- _Record set_:
((

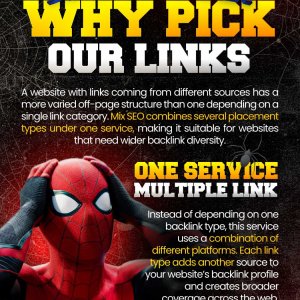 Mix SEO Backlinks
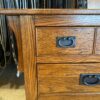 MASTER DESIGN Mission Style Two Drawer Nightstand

))
((

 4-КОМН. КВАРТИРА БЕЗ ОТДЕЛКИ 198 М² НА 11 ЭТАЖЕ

))
((

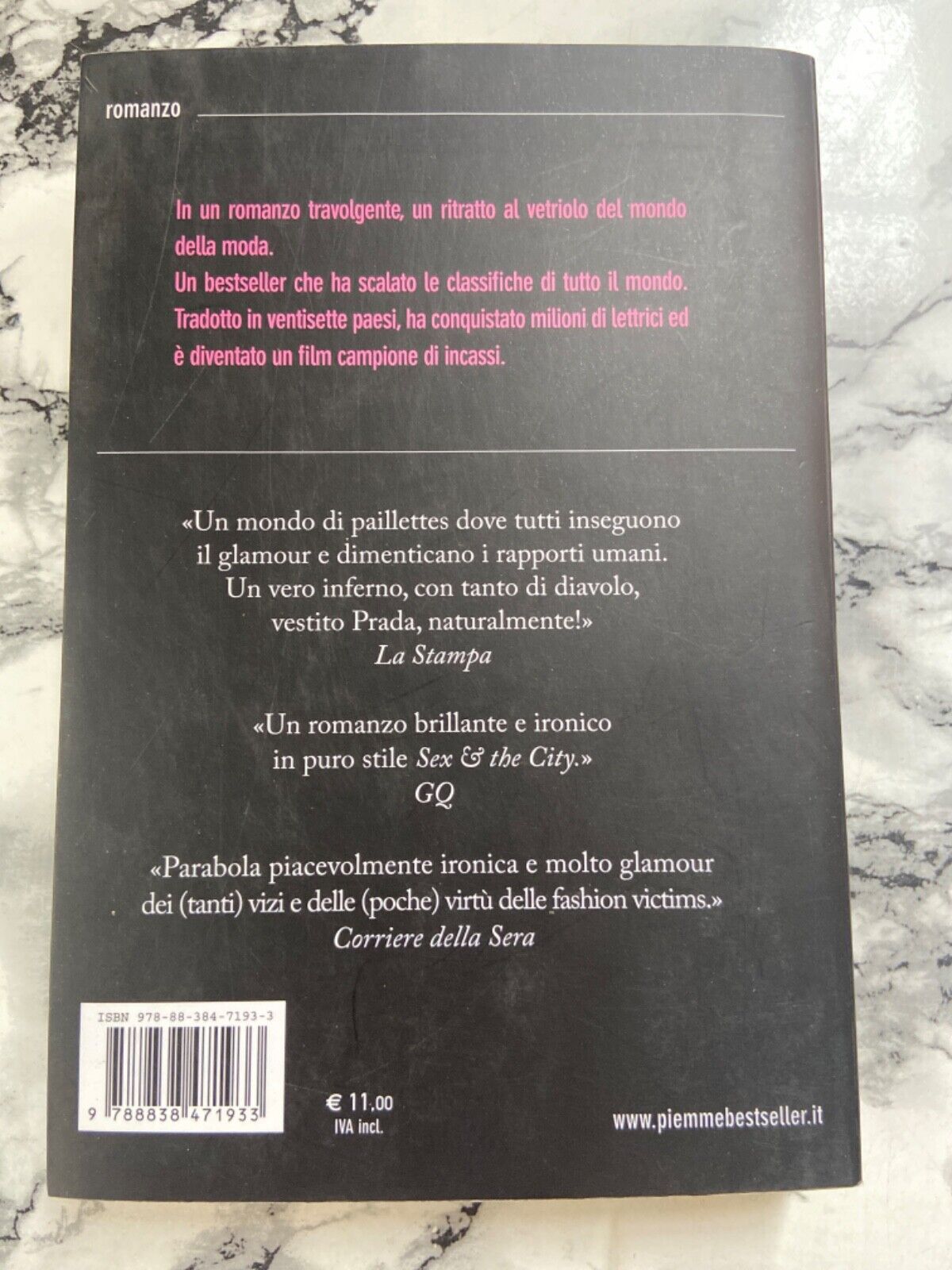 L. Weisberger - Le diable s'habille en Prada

))

Starting at the line above that holds "Mix SEO Backlinks", return each line up to and including the one that holds "MASTER DESIGN Mission", exactly as written, minus any pictures.

- _Answer section_:
 Mix SEO Backlinks
 MASTER DESIGN Mission Style Two Drawer Nightstand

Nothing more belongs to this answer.